If you have an income, now is the perfect time to plan for your retirement. Starting with an NPS Tier 1 account allows you to gradually build a corpus that ensures financial security and sustains your lifestyle post-retirement.
What Is NPS Tier 1?
The National Pension Scheme was introduced in 2004 by PFRDA (Pension Fund Regulatory and Development Authority) under the Government of India. Anyone between the age of 18-70 years can start their retirement planning with an NPS tier 1 account.
Let's understand all about NPS tier 1 account for more clarity:
NPS accounts are of two types, Tier 1 and Tier 2. Tier 1 of NPS is the basic type of NPS account. Anyone planning to invest in NPS must start with opening a tier 1 account.
The scheme is open to both private and government sector employees
With a minimum investment of ₹500, any one of the eligible age can open their NPS tier 1 account
To maintain the NPS tier 1 account, you must invest a minimum of ₹1000 per year
Upon retirement or reaching 60 years of age, the NPS account matures and the investor can partially withdraw 60% of the invested amount
A part of the investment goes towards purchasing annuity plans that create a regular income after retirement
Premature withdrawals are only permitted under certain conditions
Premature closure of the account is also permitted under specific conditions
Returns on NPS account are tax-free
Investors can avail of tax benefits for NPS investment under Section 80CCD(1B) of the Income Tax Act of 1961.

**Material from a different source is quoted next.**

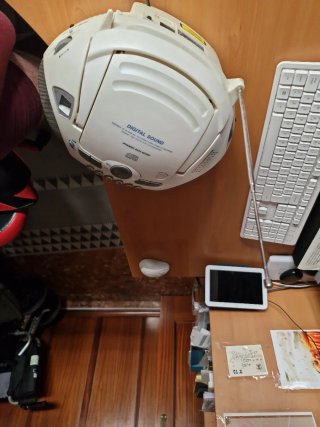 Bluesky Lector CD, Cassette y Radio Blanco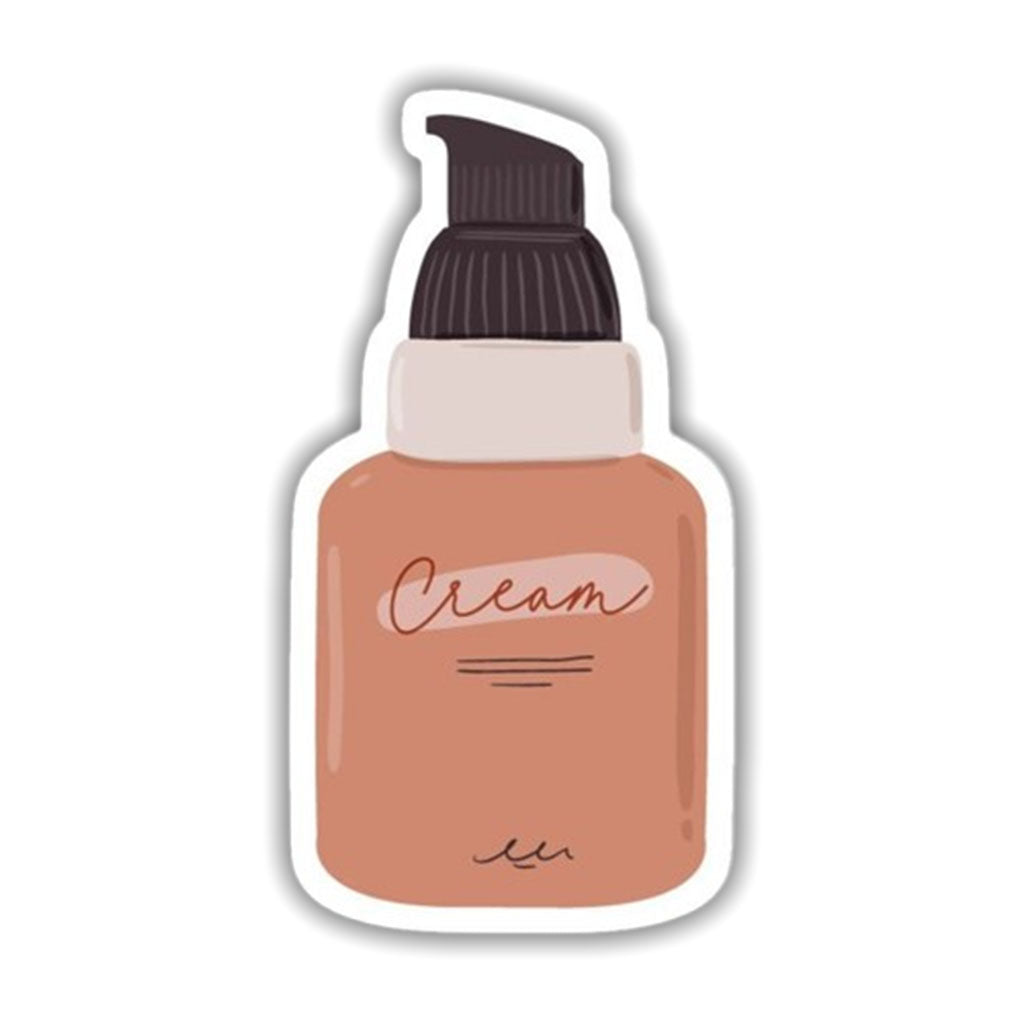 Cream Sticker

How to Open an NPS Tier 1 Account?
Opening an NPS tier 1 account is quite easy and simple. Make sure to check your eligibility before applying for an NPS account. Investors can choose to open an NPS account online or offline. Here we have explained both for your ease:
Visit the nearest POP-SP (Point Of Presence Service Provider) which may be an authorised bank
Ask for an NPS tier 1 form and duly fill in the details required
Attach the required documents and submit the form
Make the payment of ₹500 to open the account
After the account is activated, make sure to make a minimum of ₹1000 investment annually to maintain the account.
Visit the eNPS account and click on the “Registration” option on the website.
Fill in the required details carefully and submit to receive the OTP. Carefully submit the OTP received on the mobile.
Choose the option “NPS Tier 1” account. You must note that an NPS Tier 1 account is mandatory even if you plan to later open an NPS Tier 2 account.
You will be given the option of 8 fund houses. You may pick one of the fund houses of your preference.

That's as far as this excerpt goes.